Romantic Prophecy: Percy Bysshe Shelley’s “Ode to the West Wind”

The definition of Romantic prophecy that my understanding of the writing is based on is Dr. Christopher Bundock’s that defines the term as writing that is important due to “how it thinks about history as an ongoing process of figuration and refiguration, as a thinking healthily suspicious of an ostensibly desirable apocalypse . . . that imposes the final, ‘true’ form on all life” (844). With Dr. Bundock’s definition in mind, I have come to think Romantic prophecy as poets looking back on history with different points of view, expressing some kind of judgment/opinion about the historical events or context, and sometimes expressing/dancing around their own desires and ideas within the poem. Percy Bysshe Shelley’s “Ode to the West Wind” was very helpful in getting me to have some sort of understanding of Romantic prophecy.

In my personal interpretation, “Ode to the West Wind” has Percy Bysshe Shelley examining history in terms of weather, specifically the seasons. He is focused on how the seasons bring about different things in relation to nature. He also addressing the wind itself like it were a deity which becomes most important in the fifth canto. This canto is where I see Dr. Bundock’s idea of figuration and refiguration at work:

“Make me thy lyre, even as the forest is:

What if my leaves are falling life its own!

The tumult of thy mighty harmonies

 

Will take from both a deep, autumnal tone,

Sweet though in sadness. Be thou, Spirit fierce,

My spirit! Be thou me, impetuous one!

 

Drive my dead thoughts over the universe

Like withered leaves to quicken a new birth!

And, by the incantation of this verse,

 

Scatter, as from an unextinguished hearth

Ashes and sparks, my words among mankind!

Be through my lips to awakened Earth

 

The trumpet of a prophecy! O, Wind,

If Winter comes, can Spring be far behind?” (ll. 57-70)

After already looking back and depicting the seasons as a continuous cycle, Percy Bysshe Shelley directly parallels human life with that of a trees in line 57-59. The parallel enables him to spring forward into demanding a kind of reincarnation like nature does throughout the seasons. He wants to continue into spring like earth and the nature get to and achieve perhaps a kind of immortality. Percy Bysshe Shelley, in short, wants to “refigure” his course of life that will end in death to a different course that the nature experiences. He does not want to end in winter, but instead hopes for spring, a season of rebirth and life.

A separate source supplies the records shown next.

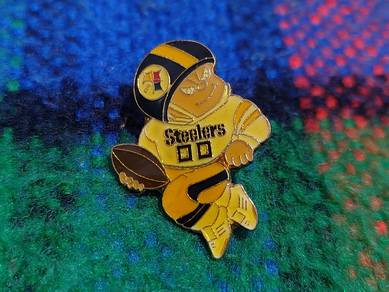Vintage NFLP Pittsburgh Steelers Cap Pin ©1989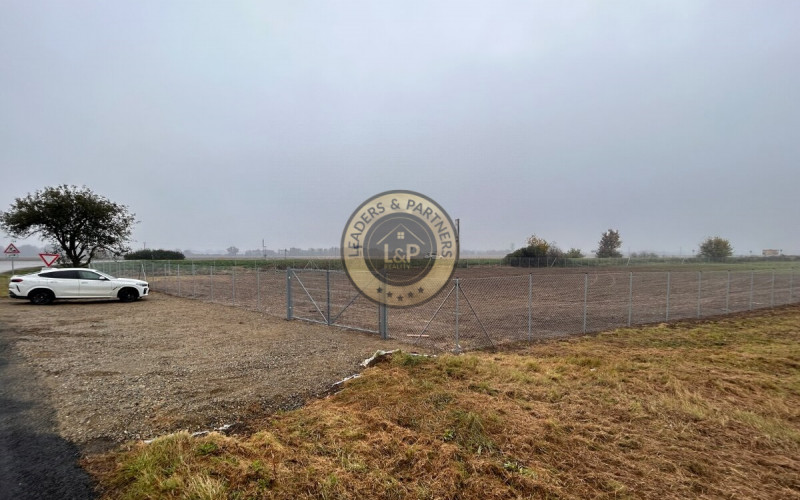 Pozemok na občiansku vybavenosť  Košice - Krásna, elektrina, oplotenie,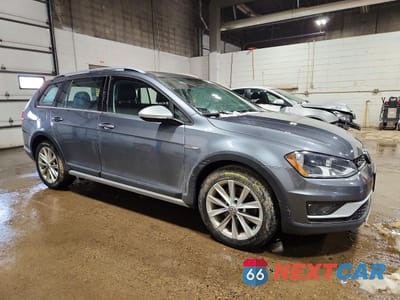 Czwarte zdjęcie samochodu z boku: 2017 VOLKSWAGEN GOLF ALLTRACK S VIN:3VWM17AU6HM544758 - miniatura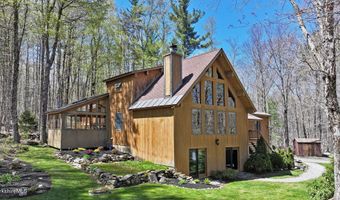 55 Mallard Dr, Becket, MA 01223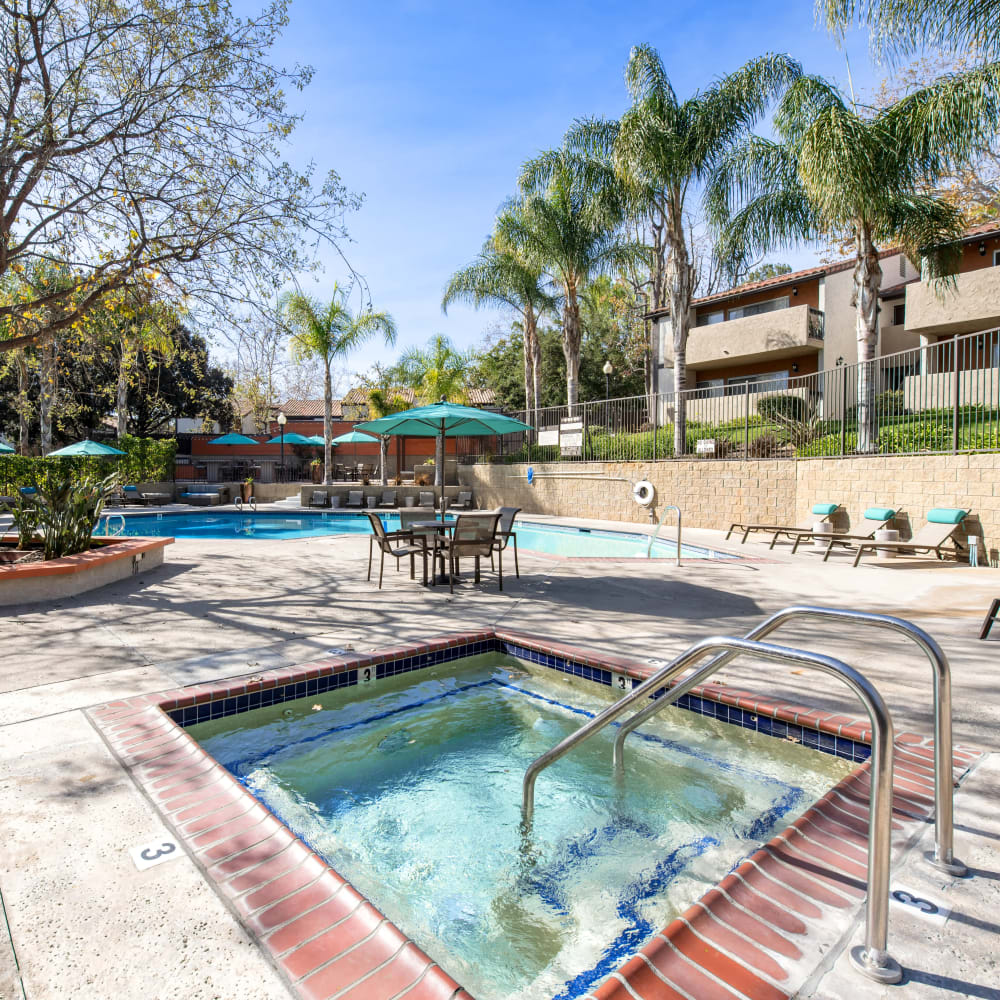 Spa and swimming pool area at Sofi Thousand Oaks in Thousand Oaks, California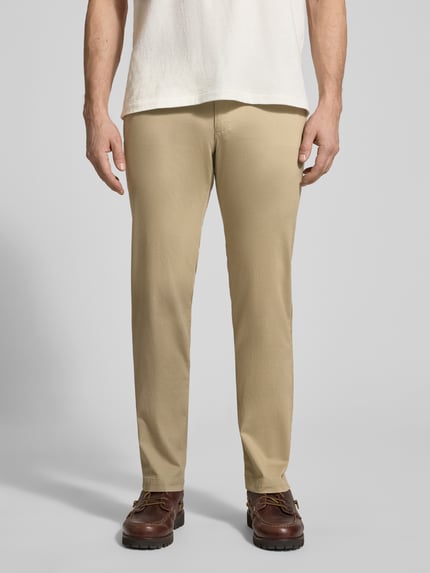 Męski model nosi Fein strukturierte Chino mit Gesäßtaschen od bugatti, bawełniany miks ze stretchem, krój regular fit, beż, widok całej sylwetki z przodu. Szerokość w rozmiarze 32/32: 40 cm, długość nogawki wewnętrznej: 82 cm, kieszenie boczne i tylne.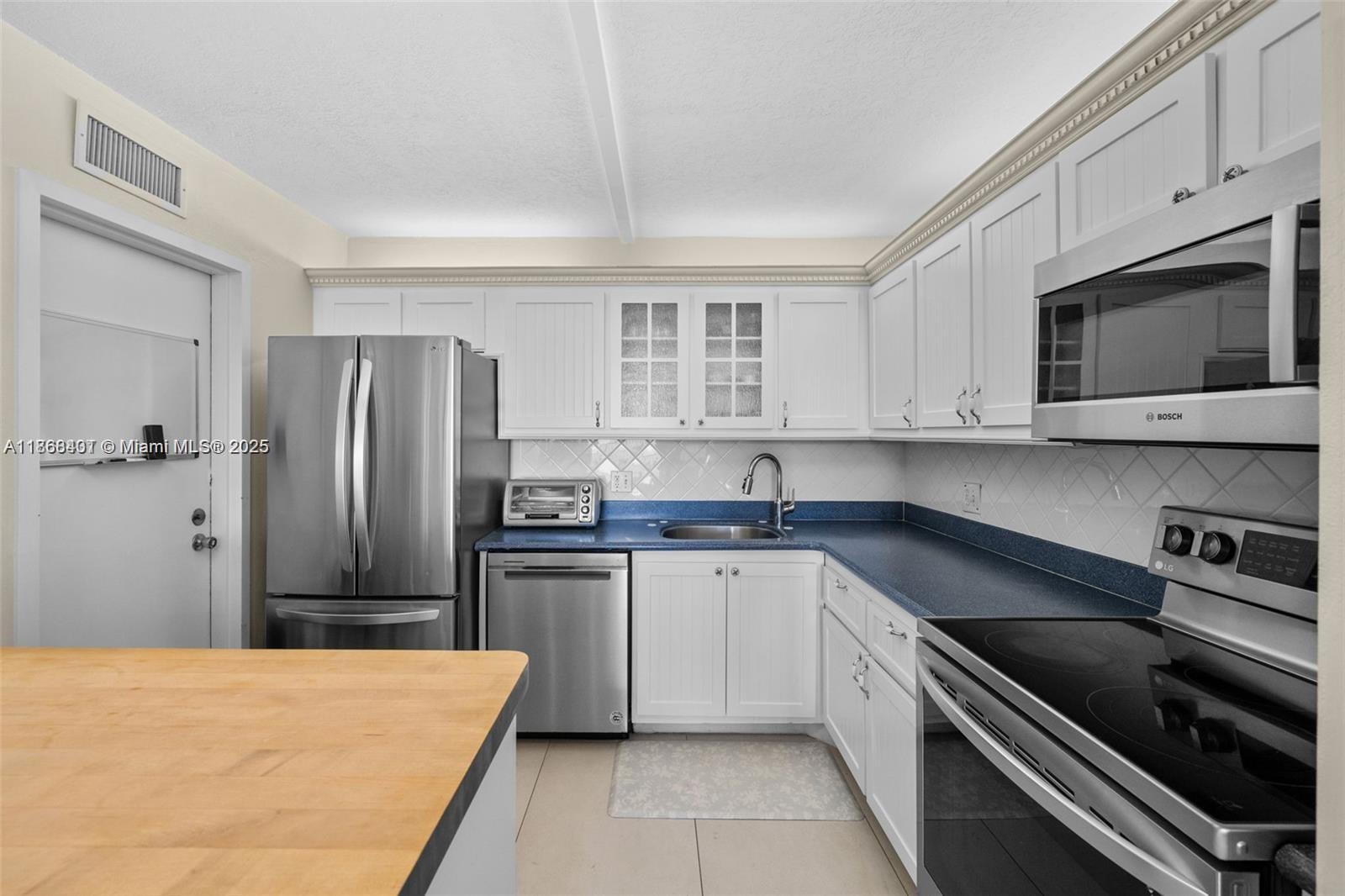 Photo of 2201 Ocean Dr  #1102, Hollywood, Florida, 33019 -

With these traits expressed in the poem and especially in the last canto, Romantic prophecy is a poet turning their gaze back in history, taking it and turning it to fit their needs in order express something. They are not necessarily rewriting history, but instead recontextualizing and changing the meaning and understanding of the historical events. They do this to achieve their poetic goal, whatever that might be.